Minggu, 09 September 2018 11:24 WITA

Mirisnya Nasib Petinju Bantaeng, Bus Tak Datang, Beras Pun Sudah Habis

Editor: Abu Asyraf
Mirisnya Nasib Petinju Bantaeng, Bus Tak Datang, Beras Pun Sudah Habis
Atlet tinju Bantaeng yang berlaga di Popda Sulsel 2018.

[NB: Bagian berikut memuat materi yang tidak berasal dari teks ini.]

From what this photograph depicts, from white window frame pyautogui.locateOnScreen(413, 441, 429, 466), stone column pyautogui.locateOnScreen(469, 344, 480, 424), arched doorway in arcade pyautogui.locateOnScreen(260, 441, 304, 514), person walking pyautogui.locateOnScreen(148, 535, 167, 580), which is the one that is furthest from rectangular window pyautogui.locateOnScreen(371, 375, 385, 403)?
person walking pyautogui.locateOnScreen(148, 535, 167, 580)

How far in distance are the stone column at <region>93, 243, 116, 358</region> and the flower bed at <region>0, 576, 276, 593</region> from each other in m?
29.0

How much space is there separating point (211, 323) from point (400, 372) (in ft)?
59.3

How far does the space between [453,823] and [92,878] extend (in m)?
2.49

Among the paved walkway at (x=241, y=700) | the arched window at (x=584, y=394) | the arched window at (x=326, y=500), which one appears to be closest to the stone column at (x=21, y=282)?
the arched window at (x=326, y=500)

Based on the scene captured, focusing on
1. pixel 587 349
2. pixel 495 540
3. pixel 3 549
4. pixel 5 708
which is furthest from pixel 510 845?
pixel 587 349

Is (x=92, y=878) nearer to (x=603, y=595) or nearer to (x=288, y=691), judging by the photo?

RAKYATKU.COM,BANTAENG - Rombongan atlet tinju Bantaeng kembali mendapat kesulitan dalam kepulangannya ke Bantaeng, setelah bertanding di Pekan Olahraga Pelajar Daerah (Popda) tingkat Provinsi Sulawesi Selatan tahun 2018.

Sejak awal keberangkatan, rombongan atlet tinju memang tidak jelas mengenai kendaraan yang akan membawanya ke Makassar.

Namun berkat bantuan dari Ketua PKK Sulsel, Liestiaty F Nurdin, atlet bisa menggunakan bus Pemda Bantaeng. Biaya bahan bakar dan honorarium sopir ditanggung istri Gubernur Sulsel, Nurdin Abdullah itu.

"Tidak ada kejelasan kendaraan yang mau menjemput. Saya hubungi nomor sopirnya, tetapi tidak diangkat-angkat," ujar pelatih tinju Bantaeng, Hasbullah kepada Rakyatku.com, Minggu (9/9/2018).

Seharusnya sejak Minggu pagi, para atlet sudah berangkat ke Bantaeng. Namun tidak ada kejelasan dari sopir yang akan menjemputnya. Padahal, kata Hasbullah, persediaan makanan untuk para atlet pun kini tidak mencukupi.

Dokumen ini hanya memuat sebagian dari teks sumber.